Thousands of Wells Fargo employees have already been fired for opening unauthorized accounts to meet sales goals, but what about all of those employees who remain at the bank? They’ve seen the value of their 401(k) retirement plan sink during this fake account fiasco, and some are saying that Wells hid the truth from them about the huge bogus account sinkhole that was waiting to collapse underneath them.
“Defendants intentionally withheld material non-public information from [401(k)] Plan Participants invested in Wells Fargo stock and the public at large about a criminal epidemic at Wells Fargo associated with a critical component of Wells Fargo’s business model and key driver of its stock price – i.e., cross-selling,” reads a complaint [PDF] filed recently in a federal court in Minnesota.
The lawsuit contends that Wells Fargo senior executives knew that the company’s high-pressure sales goals and incentives — pushing employees to cross-sell customers on multiple Wells products — were leading some employees to game the system by opening unauthorized accounts in customers’ names. Thus, alleges the complaint, the Wells stock was artificially inflated. The Wells Fargo share price is currently down around 10% from its high point in early September.
The 401(k) plan at the core of the lawsuit is heavily invested in the bank — the complaint also notes that the bank’s matching funds are in the form of Wells stock — and has seen its value drop by around 12% since the scandal broke.

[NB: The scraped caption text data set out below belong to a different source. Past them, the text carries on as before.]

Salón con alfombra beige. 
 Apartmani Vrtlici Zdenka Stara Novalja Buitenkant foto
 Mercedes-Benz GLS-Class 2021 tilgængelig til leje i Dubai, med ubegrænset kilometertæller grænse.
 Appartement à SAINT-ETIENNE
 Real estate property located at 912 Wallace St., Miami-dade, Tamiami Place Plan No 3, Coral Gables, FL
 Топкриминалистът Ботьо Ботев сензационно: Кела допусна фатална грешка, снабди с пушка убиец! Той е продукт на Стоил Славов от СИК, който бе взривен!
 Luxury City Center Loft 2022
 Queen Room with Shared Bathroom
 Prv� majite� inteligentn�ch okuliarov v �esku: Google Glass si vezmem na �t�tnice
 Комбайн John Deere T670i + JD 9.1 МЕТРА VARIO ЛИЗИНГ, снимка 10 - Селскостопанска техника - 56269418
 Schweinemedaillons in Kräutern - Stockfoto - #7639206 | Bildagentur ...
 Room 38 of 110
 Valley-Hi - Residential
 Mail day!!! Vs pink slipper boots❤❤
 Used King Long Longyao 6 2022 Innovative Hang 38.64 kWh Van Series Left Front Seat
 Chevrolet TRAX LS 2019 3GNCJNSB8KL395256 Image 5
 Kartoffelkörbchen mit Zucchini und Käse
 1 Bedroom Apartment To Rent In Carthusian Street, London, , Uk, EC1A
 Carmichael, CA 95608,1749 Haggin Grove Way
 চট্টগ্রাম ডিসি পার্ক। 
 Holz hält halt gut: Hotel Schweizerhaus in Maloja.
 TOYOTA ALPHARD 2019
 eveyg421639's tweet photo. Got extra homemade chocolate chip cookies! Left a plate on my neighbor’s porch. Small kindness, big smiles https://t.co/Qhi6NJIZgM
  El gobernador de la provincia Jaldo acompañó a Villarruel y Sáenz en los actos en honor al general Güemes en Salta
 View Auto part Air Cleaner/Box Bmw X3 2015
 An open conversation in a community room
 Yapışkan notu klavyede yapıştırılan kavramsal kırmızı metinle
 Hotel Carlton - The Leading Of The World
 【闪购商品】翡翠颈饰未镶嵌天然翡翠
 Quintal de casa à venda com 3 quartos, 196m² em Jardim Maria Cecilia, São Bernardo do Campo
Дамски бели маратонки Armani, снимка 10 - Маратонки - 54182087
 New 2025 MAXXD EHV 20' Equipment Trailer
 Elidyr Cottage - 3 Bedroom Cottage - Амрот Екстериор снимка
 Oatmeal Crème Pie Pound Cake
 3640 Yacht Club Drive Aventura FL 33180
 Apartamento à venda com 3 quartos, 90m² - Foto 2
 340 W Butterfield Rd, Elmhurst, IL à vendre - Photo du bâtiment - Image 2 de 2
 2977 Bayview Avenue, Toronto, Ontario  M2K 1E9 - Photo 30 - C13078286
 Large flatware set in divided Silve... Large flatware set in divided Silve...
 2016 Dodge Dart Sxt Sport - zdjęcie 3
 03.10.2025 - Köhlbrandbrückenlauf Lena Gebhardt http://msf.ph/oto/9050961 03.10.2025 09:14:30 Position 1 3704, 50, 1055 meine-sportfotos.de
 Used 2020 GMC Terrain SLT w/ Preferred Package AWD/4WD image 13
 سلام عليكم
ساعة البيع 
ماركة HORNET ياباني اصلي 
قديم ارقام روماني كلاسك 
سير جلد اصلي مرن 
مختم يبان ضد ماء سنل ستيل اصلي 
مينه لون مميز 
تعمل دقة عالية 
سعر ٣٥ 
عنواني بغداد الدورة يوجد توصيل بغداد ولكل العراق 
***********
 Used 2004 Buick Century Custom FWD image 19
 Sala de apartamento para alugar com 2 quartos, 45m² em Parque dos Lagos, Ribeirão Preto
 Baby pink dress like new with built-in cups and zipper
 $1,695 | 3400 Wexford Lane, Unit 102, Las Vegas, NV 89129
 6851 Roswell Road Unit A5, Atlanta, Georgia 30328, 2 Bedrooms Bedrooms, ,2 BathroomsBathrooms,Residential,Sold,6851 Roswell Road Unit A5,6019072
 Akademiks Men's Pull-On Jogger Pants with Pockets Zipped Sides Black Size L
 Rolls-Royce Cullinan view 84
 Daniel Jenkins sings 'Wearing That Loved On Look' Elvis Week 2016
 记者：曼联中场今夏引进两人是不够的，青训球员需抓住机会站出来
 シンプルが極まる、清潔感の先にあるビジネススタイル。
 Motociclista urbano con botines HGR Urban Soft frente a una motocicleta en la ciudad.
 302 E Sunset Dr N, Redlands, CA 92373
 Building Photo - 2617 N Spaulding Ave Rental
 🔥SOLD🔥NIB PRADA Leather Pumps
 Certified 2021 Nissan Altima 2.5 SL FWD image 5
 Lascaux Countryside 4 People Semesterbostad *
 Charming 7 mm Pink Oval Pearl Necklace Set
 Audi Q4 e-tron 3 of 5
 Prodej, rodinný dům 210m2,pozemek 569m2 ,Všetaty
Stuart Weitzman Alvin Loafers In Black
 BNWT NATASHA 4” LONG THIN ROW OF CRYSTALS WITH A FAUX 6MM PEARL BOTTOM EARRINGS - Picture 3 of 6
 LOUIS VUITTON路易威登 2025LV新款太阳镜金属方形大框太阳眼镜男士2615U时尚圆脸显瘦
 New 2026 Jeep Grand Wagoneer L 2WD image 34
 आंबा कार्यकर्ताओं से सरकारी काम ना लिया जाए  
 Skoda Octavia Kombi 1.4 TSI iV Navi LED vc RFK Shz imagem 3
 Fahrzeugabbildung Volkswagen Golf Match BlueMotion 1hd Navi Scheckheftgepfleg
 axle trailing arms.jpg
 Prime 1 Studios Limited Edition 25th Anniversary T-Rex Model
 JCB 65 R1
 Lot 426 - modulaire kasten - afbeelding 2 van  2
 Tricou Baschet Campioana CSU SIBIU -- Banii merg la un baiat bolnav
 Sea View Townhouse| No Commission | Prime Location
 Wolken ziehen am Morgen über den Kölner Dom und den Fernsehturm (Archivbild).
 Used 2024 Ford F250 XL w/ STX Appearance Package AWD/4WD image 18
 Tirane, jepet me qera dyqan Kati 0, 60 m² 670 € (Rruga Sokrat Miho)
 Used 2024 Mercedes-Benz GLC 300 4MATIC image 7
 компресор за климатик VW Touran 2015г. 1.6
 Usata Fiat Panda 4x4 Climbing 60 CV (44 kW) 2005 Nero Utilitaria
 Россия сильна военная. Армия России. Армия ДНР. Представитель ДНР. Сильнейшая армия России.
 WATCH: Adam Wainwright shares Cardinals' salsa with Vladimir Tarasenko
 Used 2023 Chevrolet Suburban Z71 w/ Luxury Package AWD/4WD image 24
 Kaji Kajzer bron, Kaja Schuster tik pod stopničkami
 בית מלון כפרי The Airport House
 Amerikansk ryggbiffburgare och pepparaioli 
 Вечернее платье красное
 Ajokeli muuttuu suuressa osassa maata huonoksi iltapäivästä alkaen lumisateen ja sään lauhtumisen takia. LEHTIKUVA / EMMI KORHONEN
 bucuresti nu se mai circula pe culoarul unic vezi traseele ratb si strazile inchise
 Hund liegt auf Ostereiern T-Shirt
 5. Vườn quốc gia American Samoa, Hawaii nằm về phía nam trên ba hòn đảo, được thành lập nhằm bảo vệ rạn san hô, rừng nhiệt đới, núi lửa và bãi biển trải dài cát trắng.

The plaintiff, who seeks to represent all participants in the plan who have invested money since the beginning of 2014, claims that senior Wells executives sold off their shares in the bank before the bank acknowledged the fake accounts publicly.
“As a result of this, as well as other conflicts of interest and fraud, Defendants violated their fiduciary duties to the Plan participants in violation of [the Employee Retirement Income Security Act], causing no less than hundreds of millions of dollars in damages to the Plan,” alleges the suit.
However, Bloomberg points out that this lawsuit faces an uphill battle, as recent, similar actions by employees at Whole Foods, BP, and RadioShack, were each ultimately thrown out out court for failing to meet the threshold for bringing an ERISA suit.